El hombre proa del lineup cubano se está ajustando al pitcheo del torneo y produjo de 5-3. Despaigne bateó de nuevo con oportunidad y le hizo pagar carísima la osadía al timonel de los Cardenales de lanzarle con la primera desocupada en el tercer inning, ya lo había dominado en el primero en una situación semejante, pero cuando quiso repetir la fórmula el cuarto bate insular sonó cañonazo y fletó la ventaja, que a la postre decidió.

Blanco ganó. Las dos victorias de Cuba están a su nombre, y la entrada de Carlos Benítez a la alienación aportó cuatro turnos de calidad, pues se embasó todas las veces: un hit y tres pasaportes gratis, mientras el movimiento de Alomá de la segunda para las paradas cortas no tuvo consecuencias en la defensa.

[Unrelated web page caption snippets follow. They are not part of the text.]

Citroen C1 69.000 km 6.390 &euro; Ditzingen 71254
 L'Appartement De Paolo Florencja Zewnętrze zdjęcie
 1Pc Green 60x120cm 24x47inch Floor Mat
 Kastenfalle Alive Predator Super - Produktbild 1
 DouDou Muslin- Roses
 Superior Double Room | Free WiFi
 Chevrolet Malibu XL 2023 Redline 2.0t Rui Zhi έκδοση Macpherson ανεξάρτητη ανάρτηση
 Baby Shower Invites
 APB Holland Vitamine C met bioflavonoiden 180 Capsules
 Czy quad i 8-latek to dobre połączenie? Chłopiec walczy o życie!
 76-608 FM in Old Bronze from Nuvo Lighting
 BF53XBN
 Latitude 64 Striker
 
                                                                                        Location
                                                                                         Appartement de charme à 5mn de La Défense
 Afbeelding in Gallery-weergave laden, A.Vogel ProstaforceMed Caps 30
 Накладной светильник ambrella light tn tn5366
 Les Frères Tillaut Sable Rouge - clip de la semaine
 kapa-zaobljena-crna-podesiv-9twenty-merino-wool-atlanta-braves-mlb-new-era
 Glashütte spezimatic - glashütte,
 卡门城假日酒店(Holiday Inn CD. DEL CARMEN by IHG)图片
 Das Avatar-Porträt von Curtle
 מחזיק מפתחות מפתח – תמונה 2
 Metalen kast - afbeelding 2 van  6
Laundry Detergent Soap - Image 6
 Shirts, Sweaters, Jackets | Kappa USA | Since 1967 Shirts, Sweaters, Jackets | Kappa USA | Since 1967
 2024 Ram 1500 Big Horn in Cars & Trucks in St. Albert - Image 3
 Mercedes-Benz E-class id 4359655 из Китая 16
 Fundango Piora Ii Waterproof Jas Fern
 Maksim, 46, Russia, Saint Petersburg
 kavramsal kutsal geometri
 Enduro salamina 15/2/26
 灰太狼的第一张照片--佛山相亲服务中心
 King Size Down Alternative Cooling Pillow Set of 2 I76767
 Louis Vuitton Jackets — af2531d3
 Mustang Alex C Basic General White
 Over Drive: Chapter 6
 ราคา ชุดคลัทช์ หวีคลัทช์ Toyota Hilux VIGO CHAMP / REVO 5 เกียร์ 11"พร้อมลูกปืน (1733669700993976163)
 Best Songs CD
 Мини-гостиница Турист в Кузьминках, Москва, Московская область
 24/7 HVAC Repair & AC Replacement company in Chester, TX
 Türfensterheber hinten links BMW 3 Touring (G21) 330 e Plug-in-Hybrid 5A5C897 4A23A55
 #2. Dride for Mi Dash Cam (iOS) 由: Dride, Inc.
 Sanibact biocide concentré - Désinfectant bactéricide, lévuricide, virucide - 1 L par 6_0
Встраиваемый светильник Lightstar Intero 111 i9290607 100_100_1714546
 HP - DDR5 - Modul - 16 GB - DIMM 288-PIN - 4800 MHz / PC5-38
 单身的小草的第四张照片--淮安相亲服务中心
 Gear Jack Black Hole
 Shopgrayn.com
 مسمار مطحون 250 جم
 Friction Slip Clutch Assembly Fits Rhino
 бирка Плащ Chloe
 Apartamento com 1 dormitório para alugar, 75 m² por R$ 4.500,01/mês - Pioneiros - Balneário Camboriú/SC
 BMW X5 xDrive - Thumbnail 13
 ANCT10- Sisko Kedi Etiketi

El triunfo corona, sobre todo, una buena actuación de los pitcher traídos por Pablo Civil, pero no deja de dejar tres o cuatro preguntas:

¿De verdad que Pablo Civil pensó en abrir con Yoanni Yera y guardar a Blanco para una final que estaba aún en el aire?

¿Por qué no enviaron un emergente por Oscar Valdés en el séptimo cuando había corredores en posición anotadora y un solo out?: Danel, Vizcaíno, Ayala….

¿Tan difícil les resulta buscar un fly de sacrificio a los cubanos, aunque este sea un estadio donde se conecten pocos batazos largos de día? ¿Es culpa del Rod Carew o de la disciplina en home y el tipo de swing de los bateadores?

Pese al triunfo quedaron 13 hombres en base. Ojo con el dato, porque no todos los días se logra pegar ocho hit en un evento internacional y que el rival te embase a 11 más, ocho por base por bolas y tres por errores a la defensa.

Si ese triunfo sorprendió, qué decir del resultado de los Toros de Herrera por la noche. Se impusieron 1-0 a los Cangrejeros de Santurce y dieron el salto espectacular a la final, pues el sistema de desempate los benefició en la porfía con las Estrellas Orientales, con quien quedó igualado con marca de 3-1.

Un elenco joven, con muchachos que van teniendo progresión, ha puesto a soñar a Panamá con un título fuera de los cálculos. Ni siquiera habían podido ganar hace una semana la Serie Latinoamericana, efectuada en Veracruz; allí cayeron en la semifinal ante los Leones de Nicaragua en un juego decidido por el holguinero  Maikel Cáceres, ¿será que no tienen suerte con los cubanos? Veremos hoy.

Ya sabemos que habrá un campeón inédito y se mantiene la cábala de que en Panamá, los anfitriones y Cuba hacen el uno-dos. Pero, ¿cómo será el orden, como las tres veces anteriores, o  habrá un cambio en guion?